I tried to use vga passthrough with an AMD card and ran into the issues
with dom0 crash on domU reboot. My intention is to debug the issue and I
have started to read up on the code for pci passthrough. The following
observations may not be an error but perhaps someone could shed some light
over the design intentions.

My first impression was that libxl__device_pci_reset() is a function level
reset function. It is called each time a single function of a device is
added or removed. A device reset would break other domU:s if other
functions of the device are passed through to these domU:s.

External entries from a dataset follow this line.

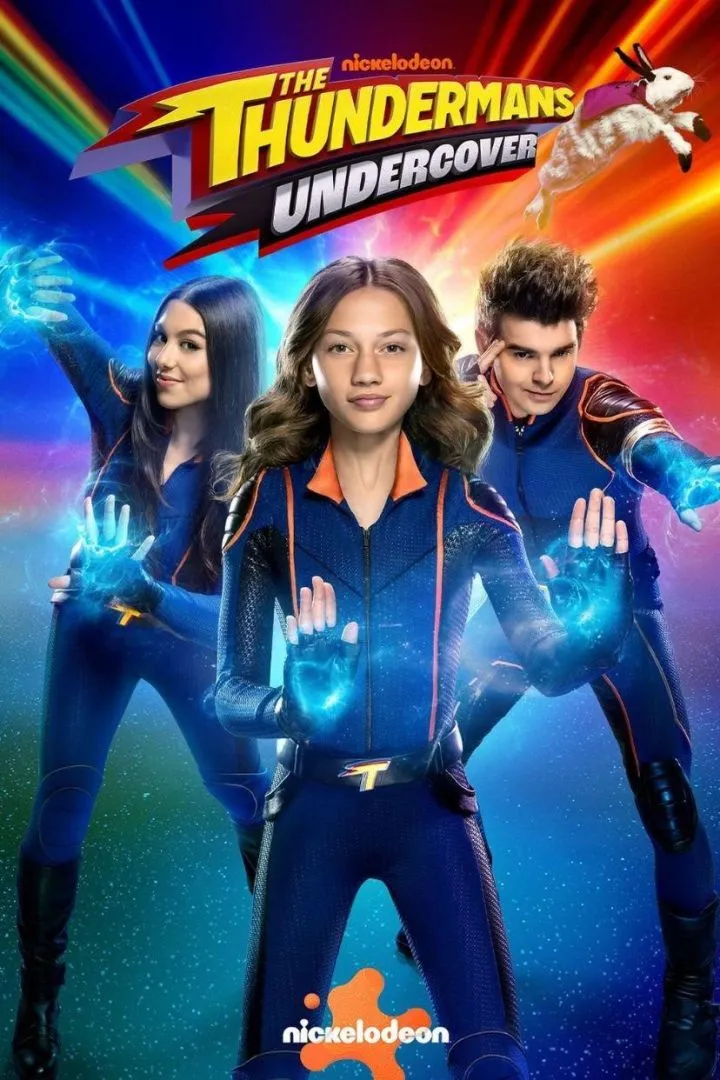 The Thundermans: Undercover (2025 Series)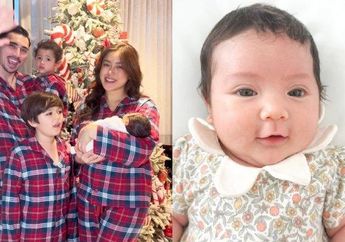 Arti Nama Anak Ketiga Jessica Iskandar, Istri Vincent Verhaag Pamerkan Wajah Hagia Usai 40 Hari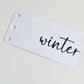 Seasonal Dashboard A6 Bundle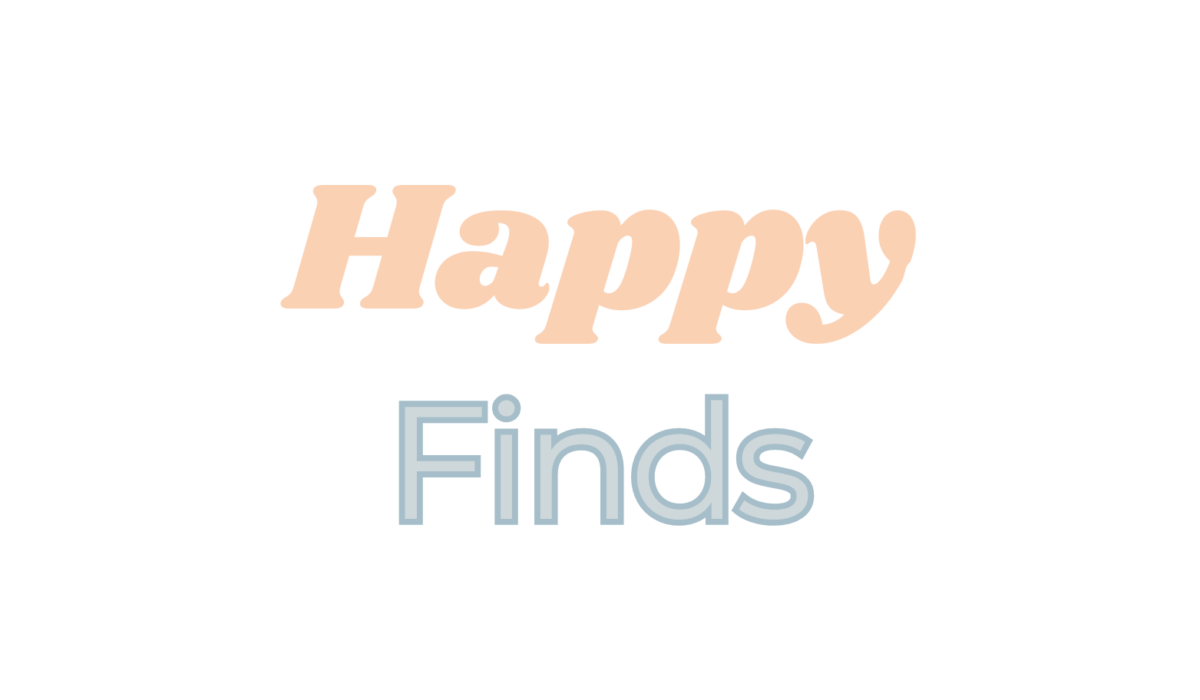 Happy Finds Logo Text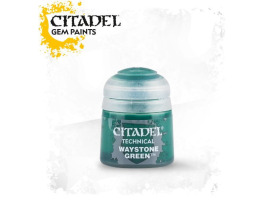 обзорное фото Citadel Technical: WAYSTONE GREEN Acrylic paints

The strange thing is that there is only a single libxl__device_pci_reset()
call when pcidev->vfunc_mask is set to LIBXL_PCI_FUNC_ALL. I'm getting the
impression that the function is assumed to be a device reset function.

Is the attempt to reset a function, when all other functions belongs to
pciback, detected and replaced by a device reset?

Best Regards,
Martin

[-- Attachment #1.2: Type: text/html, Size: 1349 bytes --]

[-- Attachment #2: Type: text/plain, Size: 126 bytes --]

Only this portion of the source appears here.